Leo Tolstoy
Circle of Reading
Translated by Dmitry Fadeyev

February 22

All that has been said about God, and all that can be said about him—all of it is not satisfactory. That which a human being can understand in God and which he cannot express—that is what every human being needs and that is the only thing that gives him life.

— After Angelus Silesius

1

The reason that can be comprehended is not the Eternal Reason. The being that can be named is not the Eternal Being.

— Laozi

2

There is a Being that contains everything within itself and without which there would be neither the heavens nor the earth; this Being is tranquil and immaterial; its qualities are called reason and love, but the Being itself has no name. It is something that is both most distant from us and nearest to us.

— After Laozi

3

God is the Eternal that demands of us righteousness.

— Matthew Arnold

4

God is everything that we are conscious of being a part of.

5

Those who ask where God is are insane. God is in all of nature and in the soul of every human being. There are different faiths, but there is only one God. If a human being does not know himself, how will he know God?

— Hindu wisdom

6

I had never existed before, and it was not up to me whether I would ever come into existence, just as it is not up to me, existing right now, when my existence should cease—therefore, I began and continue to live by the power of something that had existed before me, which will continue to exist after me and which is more powerful than me. And they tell me that there is no such thing that we call God.

— La Bruyere

7

In the same way that a person who had been locked up from his birth in a room with frosted glass windows would refer to the sun as frosted glass, i.e. by the name of the only object that lets sunlight enter his room, so too does the Gospel identify the meaning of God with the name of the highest feeling or the highest human ability that acts as the sole conduit for divine revelations from above. Namely, it calls God love and logos (word, reason).

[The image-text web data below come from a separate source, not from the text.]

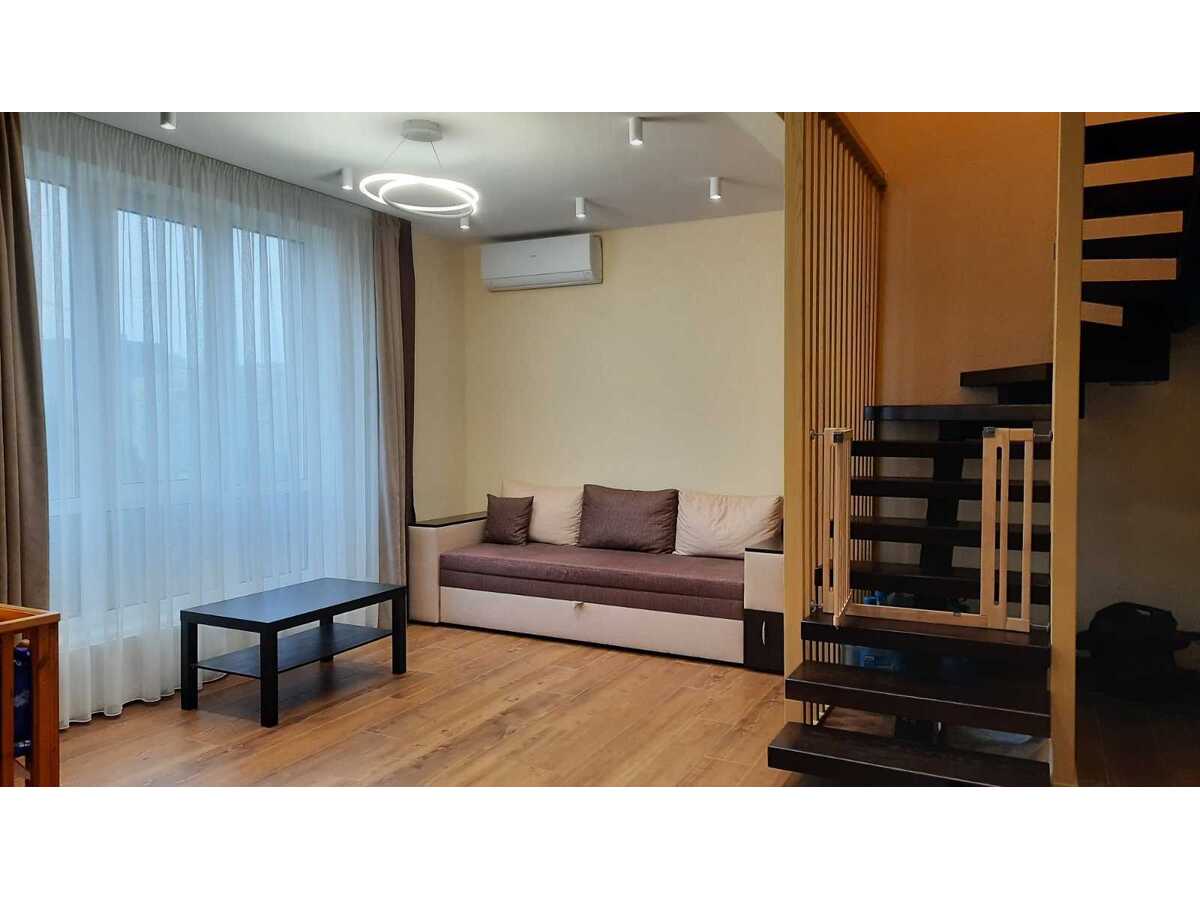 Продам 3-к квартиру Київ, Голосіївський, вул. Метрологічна, 40б. 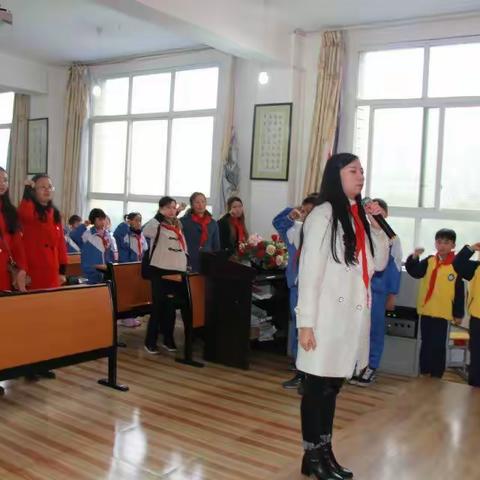 红领巾心向党，我们是共产主义接班人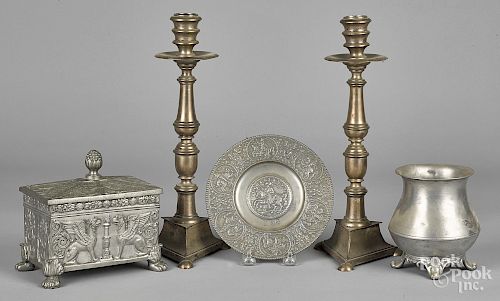 Group of miscellaneous pewter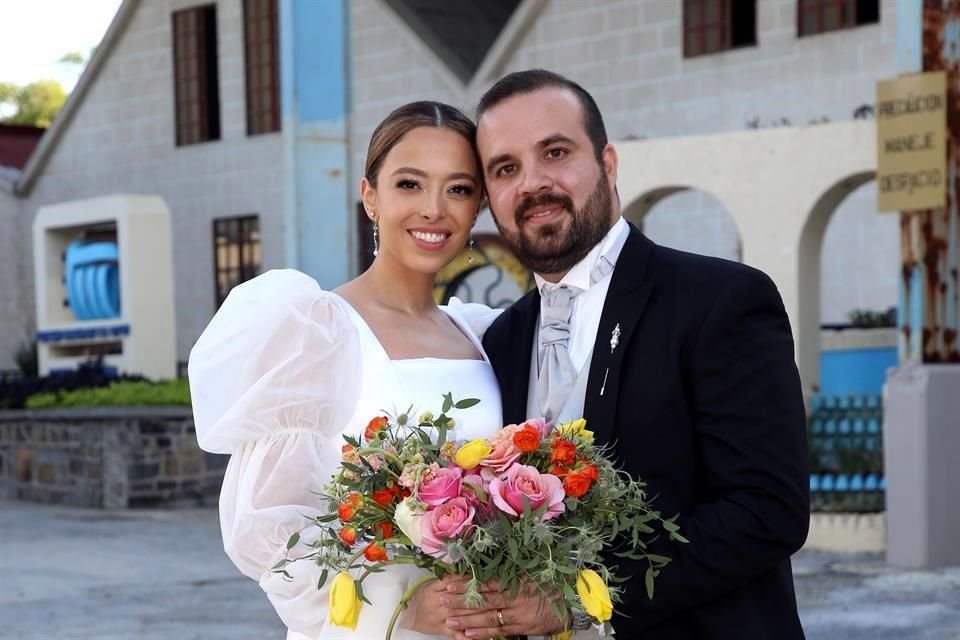 Mariana Solís Ibarra y Erick Hernández Sandoval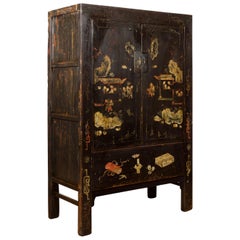 Cabinet chinois Qing à deux portes avec décor peint à la main et laque noire d'origine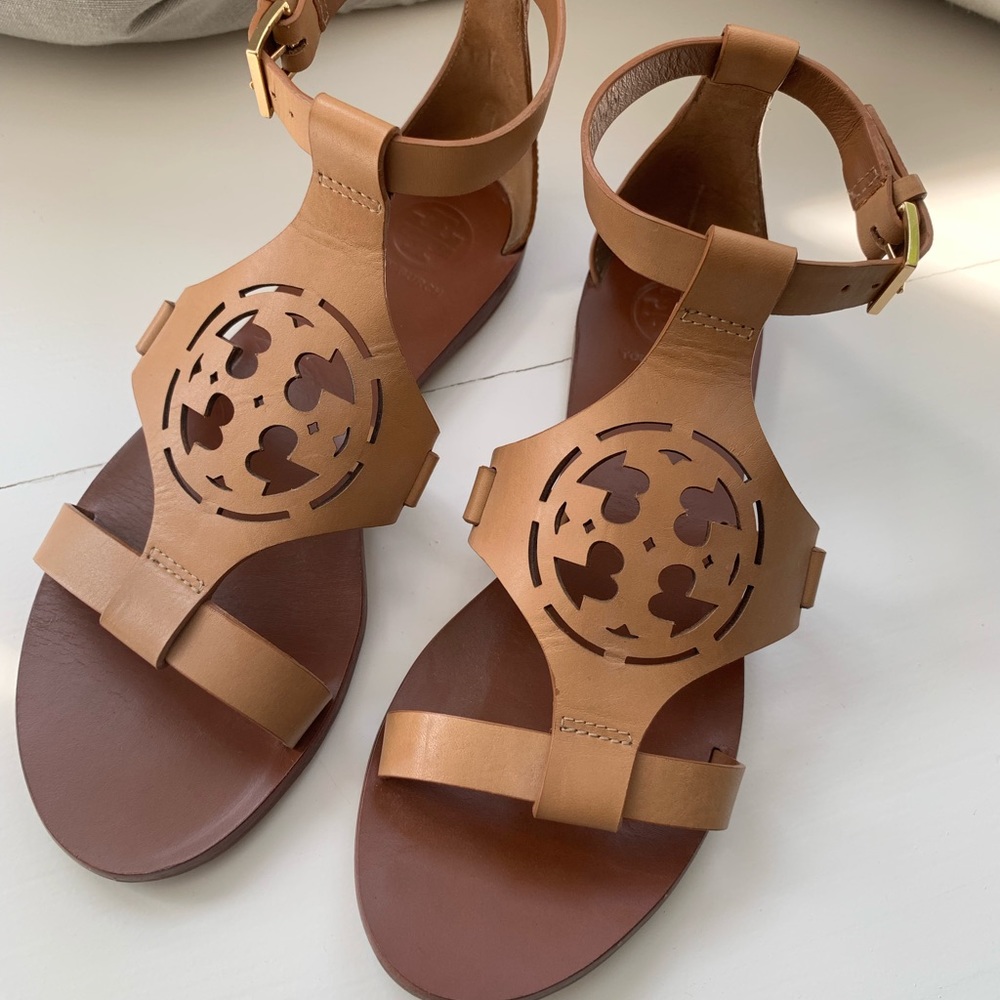 Tory Burch 5M Light Brown Sandals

Just as being liberated from his confinement is the only way for the prisoner to differentiate between the sun itself and the frosted glass which it illuminates, so does being liberated from one’s corporeal, material existence in various degrees gives the human soul the possibility of a direct unification with the divine essence.

And until then, the people who value their reason above all will continue to identify God with reason and call him reason, and the people who who value the feeling of love above all will continue to identify God with love and call him love.

And lastly, the people who do not yet believe in their reason or in their love, and who, as a consequence of this, blindly and unquestionably believe in the authority of another person, will continue to identify God with a person.

— Fyodor Strakhov


If your eyes are blinded by the sun, you would not say that there is no sun. Neither would you say that there is no God just because your mind is confused and lost trying to understand him.